Welcome to #TRVSTLOVES. We curate news, ideas and inspiration from across the world which demonstrate how real action can accomplish positive social impact. We’re taking a look at biodiversity this time, and some of the encouraging initiatives in place to try and preserve it.
Representing the biodiversity of the sea
Quite often marine biodiversity is underrepresented, but an initiative led by 14 world leaders is set to try and change this. A report, based on researchers’ outputs has been published in Nature's Family of Journals and whilst it acknowledges the precarious situation of our oceans, it also provides some much needed hope and guidance. The findings show that if we are able to manage our oceans more sustainably, (starting with monitoring and accountability), then they could actually contribute between “6% and 21% of the emissions reductions needed by 2050 to achieve the goal of the 2015 Paris climate agreement”.
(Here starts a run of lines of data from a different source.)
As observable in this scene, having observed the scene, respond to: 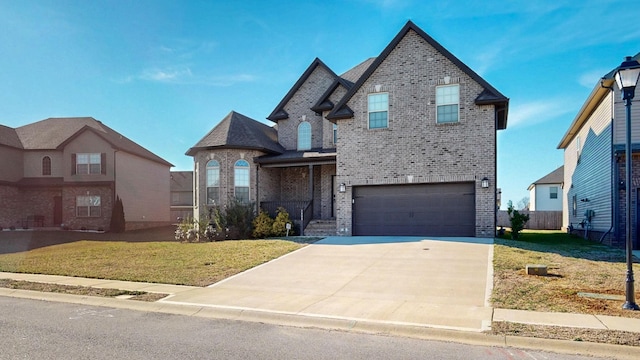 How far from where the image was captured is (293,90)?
2370 centimetres

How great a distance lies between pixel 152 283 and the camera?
398 inches

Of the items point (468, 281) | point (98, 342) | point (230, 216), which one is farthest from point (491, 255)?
point (230, 216)

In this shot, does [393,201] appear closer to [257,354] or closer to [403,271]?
[403,271]

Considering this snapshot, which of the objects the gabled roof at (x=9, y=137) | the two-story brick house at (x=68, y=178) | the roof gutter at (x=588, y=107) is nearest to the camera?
the roof gutter at (x=588, y=107)

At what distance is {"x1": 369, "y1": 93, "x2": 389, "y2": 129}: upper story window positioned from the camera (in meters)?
18.0

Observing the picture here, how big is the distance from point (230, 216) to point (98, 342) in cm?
1367

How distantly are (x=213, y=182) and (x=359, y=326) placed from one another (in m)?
16.4

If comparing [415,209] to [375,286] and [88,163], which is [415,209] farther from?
[88,163]

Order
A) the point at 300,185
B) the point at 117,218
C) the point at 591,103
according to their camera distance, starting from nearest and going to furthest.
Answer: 1. the point at 591,103
2. the point at 300,185
3. the point at 117,218

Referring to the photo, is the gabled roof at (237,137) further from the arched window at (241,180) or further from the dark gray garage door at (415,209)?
the dark gray garage door at (415,209)

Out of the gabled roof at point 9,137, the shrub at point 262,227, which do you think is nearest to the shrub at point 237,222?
the shrub at point 262,227

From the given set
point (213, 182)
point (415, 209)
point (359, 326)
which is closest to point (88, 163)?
point (213, 182)

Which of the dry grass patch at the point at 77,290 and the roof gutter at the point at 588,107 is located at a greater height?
the roof gutter at the point at 588,107

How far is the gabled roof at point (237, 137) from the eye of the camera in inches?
835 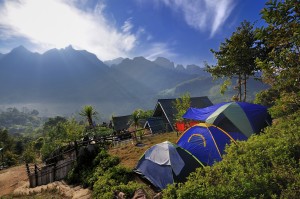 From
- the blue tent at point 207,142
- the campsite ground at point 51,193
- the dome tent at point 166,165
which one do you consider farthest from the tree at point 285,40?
the campsite ground at point 51,193

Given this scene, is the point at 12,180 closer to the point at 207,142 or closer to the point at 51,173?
the point at 51,173

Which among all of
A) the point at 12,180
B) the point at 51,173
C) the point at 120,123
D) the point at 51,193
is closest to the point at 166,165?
the point at 51,193

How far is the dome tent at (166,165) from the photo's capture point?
970 cm

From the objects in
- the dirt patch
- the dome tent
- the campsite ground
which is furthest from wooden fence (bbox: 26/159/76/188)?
the dome tent

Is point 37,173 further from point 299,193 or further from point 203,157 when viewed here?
point 299,193

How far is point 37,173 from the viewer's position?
15.6 m

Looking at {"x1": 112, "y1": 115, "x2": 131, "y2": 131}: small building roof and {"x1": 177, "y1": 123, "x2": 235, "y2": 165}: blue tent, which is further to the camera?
{"x1": 112, "y1": 115, "x2": 131, "y2": 131}: small building roof

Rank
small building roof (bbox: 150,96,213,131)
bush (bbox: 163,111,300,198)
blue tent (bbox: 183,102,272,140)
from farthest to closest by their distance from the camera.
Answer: small building roof (bbox: 150,96,213,131) → blue tent (bbox: 183,102,272,140) → bush (bbox: 163,111,300,198)

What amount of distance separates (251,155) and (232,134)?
568cm

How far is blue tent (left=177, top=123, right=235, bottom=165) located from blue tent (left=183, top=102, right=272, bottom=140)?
121 centimetres

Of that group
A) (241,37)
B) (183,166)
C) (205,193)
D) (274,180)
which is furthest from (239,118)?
(241,37)

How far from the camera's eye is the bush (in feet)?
15.9

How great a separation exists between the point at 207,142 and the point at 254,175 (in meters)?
5.78

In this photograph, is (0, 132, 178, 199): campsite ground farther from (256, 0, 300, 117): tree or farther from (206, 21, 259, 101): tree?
(206, 21, 259, 101): tree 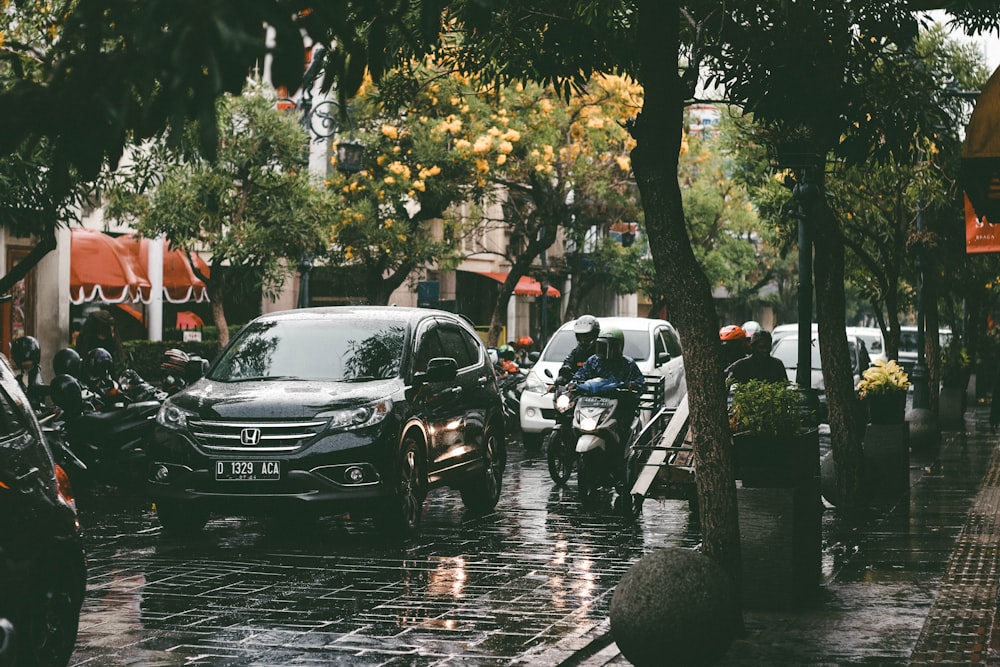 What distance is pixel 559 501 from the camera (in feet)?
48.7

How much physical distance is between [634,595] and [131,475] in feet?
28.8

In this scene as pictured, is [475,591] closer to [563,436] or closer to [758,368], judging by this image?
[758,368]

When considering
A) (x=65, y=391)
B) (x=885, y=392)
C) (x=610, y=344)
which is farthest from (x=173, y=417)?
(x=885, y=392)

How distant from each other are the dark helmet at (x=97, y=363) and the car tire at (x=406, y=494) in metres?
4.19

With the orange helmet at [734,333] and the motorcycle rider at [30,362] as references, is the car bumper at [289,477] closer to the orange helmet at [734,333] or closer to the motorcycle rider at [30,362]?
the motorcycle rider at [30,362]

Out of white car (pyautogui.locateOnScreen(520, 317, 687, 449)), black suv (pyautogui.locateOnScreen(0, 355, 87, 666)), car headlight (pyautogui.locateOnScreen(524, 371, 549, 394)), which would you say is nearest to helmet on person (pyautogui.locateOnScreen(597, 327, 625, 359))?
white car (pyautogui.locateOnScreen(520, 317, 687, 449))

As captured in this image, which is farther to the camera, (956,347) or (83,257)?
(956,347)

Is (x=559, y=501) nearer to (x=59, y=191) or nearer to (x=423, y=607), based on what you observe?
(x=423, y=607)

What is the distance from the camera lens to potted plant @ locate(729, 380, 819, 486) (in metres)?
9.11

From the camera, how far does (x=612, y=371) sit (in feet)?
49.1

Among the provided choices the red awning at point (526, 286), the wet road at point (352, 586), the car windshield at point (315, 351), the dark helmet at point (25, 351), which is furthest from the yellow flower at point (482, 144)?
the car windshield at point (315, 351)

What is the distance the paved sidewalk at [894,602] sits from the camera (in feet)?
→ 24.7

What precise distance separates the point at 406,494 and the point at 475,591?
8.49 feet

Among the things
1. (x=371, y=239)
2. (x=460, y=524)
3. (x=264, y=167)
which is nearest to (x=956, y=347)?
(x=371, y=239) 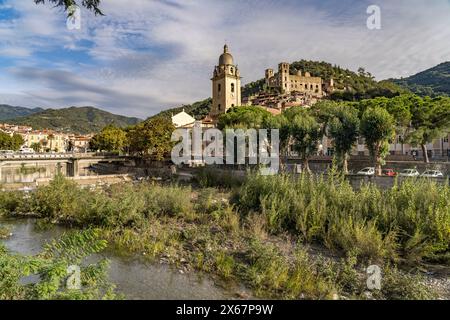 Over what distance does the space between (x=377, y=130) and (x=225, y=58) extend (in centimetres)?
4911

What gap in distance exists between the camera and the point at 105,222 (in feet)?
43.8

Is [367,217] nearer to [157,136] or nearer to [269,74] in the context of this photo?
[157,136]

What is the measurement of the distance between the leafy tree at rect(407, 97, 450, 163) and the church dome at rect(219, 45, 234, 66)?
43.2 metres

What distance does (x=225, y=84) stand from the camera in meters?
63.9

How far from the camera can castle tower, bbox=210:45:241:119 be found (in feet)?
211

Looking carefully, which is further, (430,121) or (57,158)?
(57,158)

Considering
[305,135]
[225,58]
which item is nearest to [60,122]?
[225,58]

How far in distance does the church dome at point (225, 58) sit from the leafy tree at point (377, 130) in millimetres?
47184

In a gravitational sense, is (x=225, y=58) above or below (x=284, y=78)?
below

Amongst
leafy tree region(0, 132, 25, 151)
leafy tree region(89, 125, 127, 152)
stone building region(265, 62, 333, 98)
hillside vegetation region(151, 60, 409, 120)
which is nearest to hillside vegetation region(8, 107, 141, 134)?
hillside vegetation region(151, 60, 409, 120)

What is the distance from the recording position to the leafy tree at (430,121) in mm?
26719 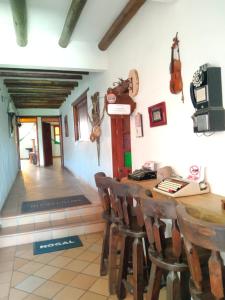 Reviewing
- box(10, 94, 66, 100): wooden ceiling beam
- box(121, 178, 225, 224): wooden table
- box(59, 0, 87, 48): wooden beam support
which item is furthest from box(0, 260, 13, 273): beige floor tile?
box(10, 94, 66, 100): wooden ceiling beam

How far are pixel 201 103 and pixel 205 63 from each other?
11.4 inches

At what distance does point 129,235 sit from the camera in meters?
1.78

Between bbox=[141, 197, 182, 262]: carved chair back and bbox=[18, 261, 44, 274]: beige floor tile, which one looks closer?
bbox=[141, 197, 182, 262]: carved chair back

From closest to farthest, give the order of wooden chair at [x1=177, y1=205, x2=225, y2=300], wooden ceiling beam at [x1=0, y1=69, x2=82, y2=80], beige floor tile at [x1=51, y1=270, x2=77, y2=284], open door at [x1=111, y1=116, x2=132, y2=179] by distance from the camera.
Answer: wooden chair at [x1=177, y1=205, x2=225, y2=300]
beige floor tile at [x1=51, y1=270, x2=77, y2=284]
open door at [x1=111, y1=116, x2=132, y2=179]
wooden ceiling beam at [x1=0, y1=69, x2=82, y2=80]

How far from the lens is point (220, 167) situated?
1.69 m

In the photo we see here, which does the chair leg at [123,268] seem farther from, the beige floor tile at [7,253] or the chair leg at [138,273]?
the beige floor tile at [7,253]

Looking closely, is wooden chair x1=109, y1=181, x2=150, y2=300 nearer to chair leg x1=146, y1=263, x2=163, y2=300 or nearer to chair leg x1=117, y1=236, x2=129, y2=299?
chair leg x1=117, y1=236, x2=129, y2=299

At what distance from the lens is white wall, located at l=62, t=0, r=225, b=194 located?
1.70 metres

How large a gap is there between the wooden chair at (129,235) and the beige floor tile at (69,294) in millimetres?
365

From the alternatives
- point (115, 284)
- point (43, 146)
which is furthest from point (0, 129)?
point (43, 146)

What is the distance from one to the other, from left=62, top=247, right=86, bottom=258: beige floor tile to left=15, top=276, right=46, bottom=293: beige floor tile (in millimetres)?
515

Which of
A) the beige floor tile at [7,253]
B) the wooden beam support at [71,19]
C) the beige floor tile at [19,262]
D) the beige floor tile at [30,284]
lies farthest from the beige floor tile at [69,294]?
the wooden beam support at [71,19]

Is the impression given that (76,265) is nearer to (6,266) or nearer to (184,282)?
(6,266)

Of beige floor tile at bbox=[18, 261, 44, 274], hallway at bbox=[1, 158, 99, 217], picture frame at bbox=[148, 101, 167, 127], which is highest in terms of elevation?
picture frame at bbox=[148, 101, 167, 127] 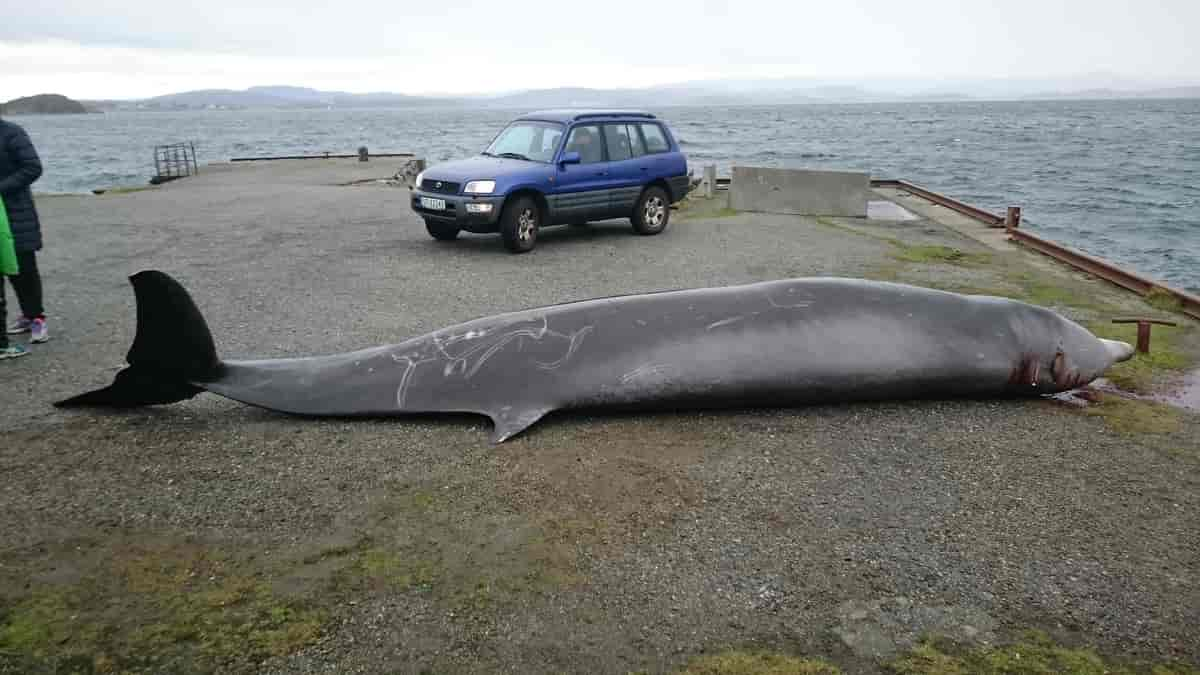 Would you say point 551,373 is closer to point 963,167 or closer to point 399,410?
point 399,410

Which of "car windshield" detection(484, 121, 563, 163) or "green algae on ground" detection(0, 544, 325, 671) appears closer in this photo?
"green algae on ground" detection(0, 544, 325, 671)

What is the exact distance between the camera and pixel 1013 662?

Investors are betting on biodiversity
To say that this year has been disrupted is a bit of an understatement, but before Covid-19, it was predicted that 2020 was going to be a big year for biodiversity. Yet evidently, investors are still betting on biodiversity because they understand the negative associated risks linked to a decline in our natural environment. A report from the World Economic Forum (WEF) says that half of the world’s GDP either moderately or highly depends on nature, so it makes a lot of sense that fund managers and investors are starting to listen.
Could rights-based conservation help achieve the global biodiversity agenda?
All too often indigenous people, local communities and afro descendants are ostracized by exclusionary conservation, but a study and publication by the Rights and Resources Initiative (RRI) warns that this approach is not without cost and conflict, and that rights-based conservation is a viable path to achieve the global biodiversity agenda. The report shows that these communities practice conservation through “collective ownership, governance strategies, and traditional ecological knowledge” and yet over half of the people living in these conservation areas are in low- and middle-income countries. It’s a really interesting read, and usefully summed up with an executive summary, key findings and recommendations.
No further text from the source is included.